IMHO the biggest bestest bang for the buck is plywood 3/4 doubled with grains crossed and belies bumped rip plywood scraps to build an underframe wax and wax some more


----------



## Cochese (Jan 12, 2010)

jackoman said:


> Buy a benchtop! My wife would kill me after buying new tools. :fie:


Gotta pick your battles. Sometimes it's worth the cash just to get something done so you can move on to other things.

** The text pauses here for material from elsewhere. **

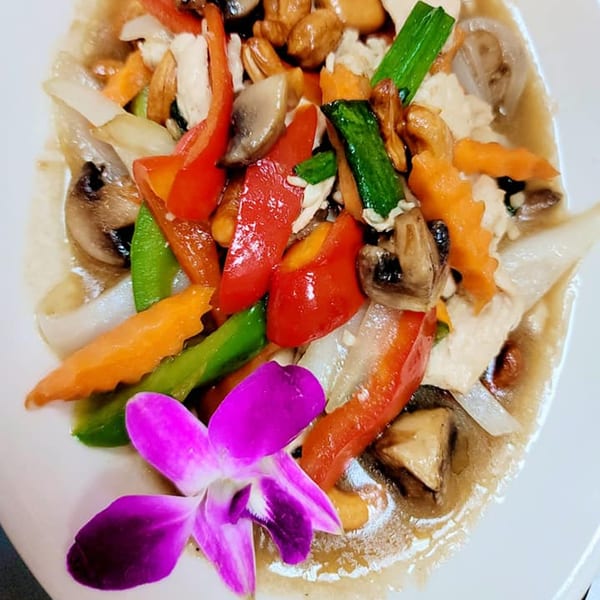 Elephant Thai's cashew nut stir-fry with chicken, vegetables, and a purple orchid garnish.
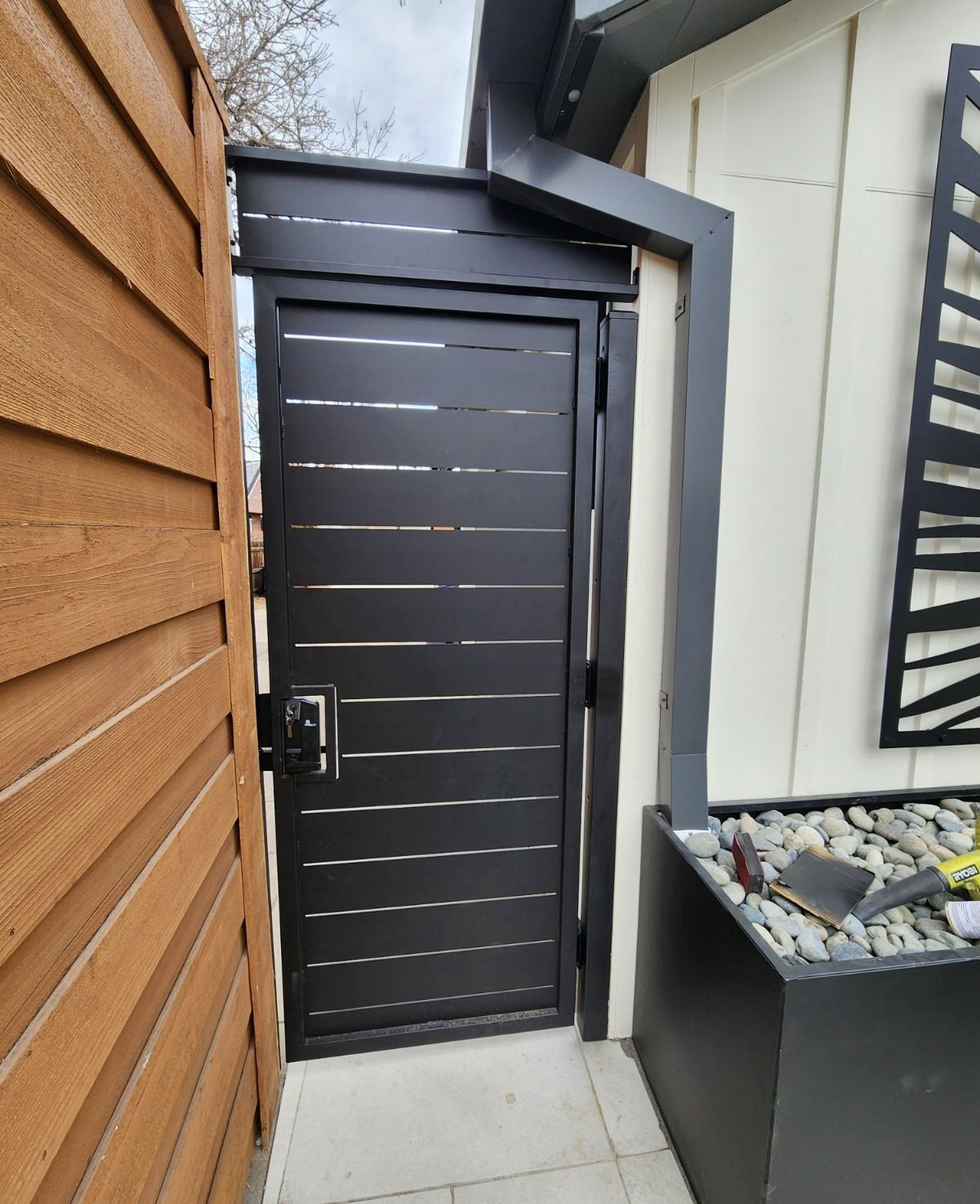 A black door is between two wooden fences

Besides, you get it done in an hour's trip to Sears, that's more time you can make her what she wants. :moil:


----------



## rrj (Jan 16, 2012)

I built mine last year with 2x6 doug fir riped to 2" and glued end grain up, routed dog holes and finished with a mixture of Turpentine, bees wax and BLO. Works great and glue does not stick to it.


----------



## tkinor (Dec 28, 2011)

A tip I picked up awhile back about tops was that if you are using multiple layers of material for your top and glueing/screwing them together just remember to figure out where your dog holes are going to be and don't put any screws there.


----------



## bobj3 (Jan 17, 2006)

Hi

Sometimes it's best to just buy one with all the parts you want and need on one.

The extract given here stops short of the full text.